Scientists have long wondered how dolphins are able to know how much oxygen they need while diving. In the new study, researchers from the University of La Laguna shed light on the mystery by revealing that the mammals use information from previous dives to know how far down to go.
The team used small recorders to analyze the locations and vocalizations of 37 Risso’s dolphins as they hunted for food. They then made note of the sounds the mammals made while hunting. The noises — known as buzzes — are much faster than the sounds dolphins make while attempting to catch prey.
This showed that the dolphins began to echolocate as soon as they left the surface. In addition, once the dolphins found success hunting at a certain depth they would change the frequency of their clicks to indicate that they should return there during future dives.
Researcher believe such behavior is “probably to gain information on the depth distribution and availability of prey and to respond swiftly to rapid changes in habitat structure at different depths,” said lead author Patricia Arranz, a researcher at the University of La Laguna, in a statement.
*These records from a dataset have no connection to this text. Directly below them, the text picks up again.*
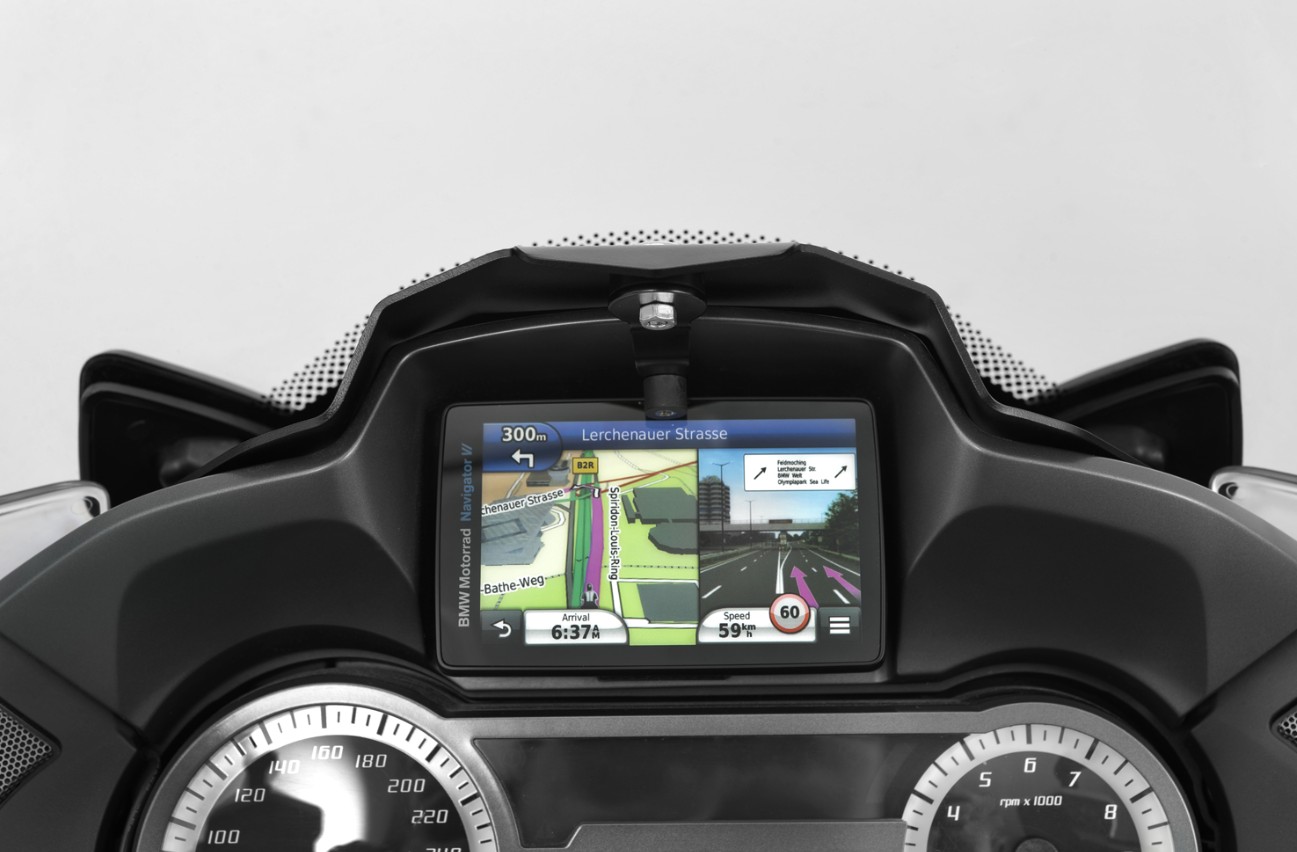 Wunderlich Navi-beveiligingsset R 1200/1250 RT LC voor Navigator VI - zwart foto 2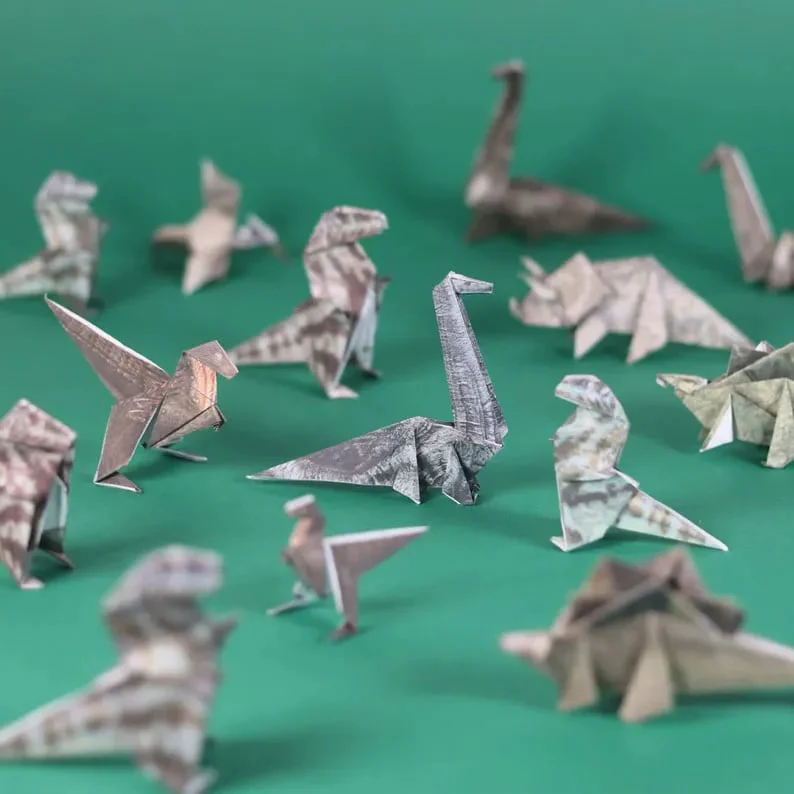 ✨Easy DIY Paper Cats Kit | Guided Lines & Instructions Included🎁Buy More Save More - Image 17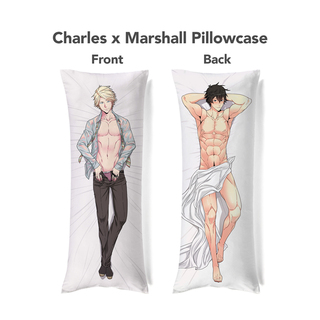 Volume 2 Charles and Marshall Pillowcase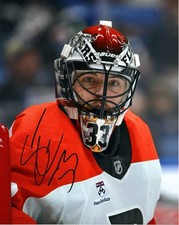 Philadelphia Flyers  Samuel Ersson  Autographed Signed 8x10 Photo COA #4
The study also showed that the dolphins would continue to echolocate as they came back up to the surface. That behavior would continue whether they were hunting or not. As a result, they likely exhibit such traits as a way to plan ahead and search for the location of their next hunt.
“Information about prey, learned throughout the dive, was used to plan foraging in the next dive,” the team wrote in their research, according to Tech Times “Our results demonstrate that planning for future dives is modulated by spatial memory derived from multi-modal prey sampling (echoic, visual and capture) during earlier dives.”
This sheds light on dolphin behavior and gives insight into a never before seen characteristic. The team plans to next look at other marine mammals to see if they have similar practices.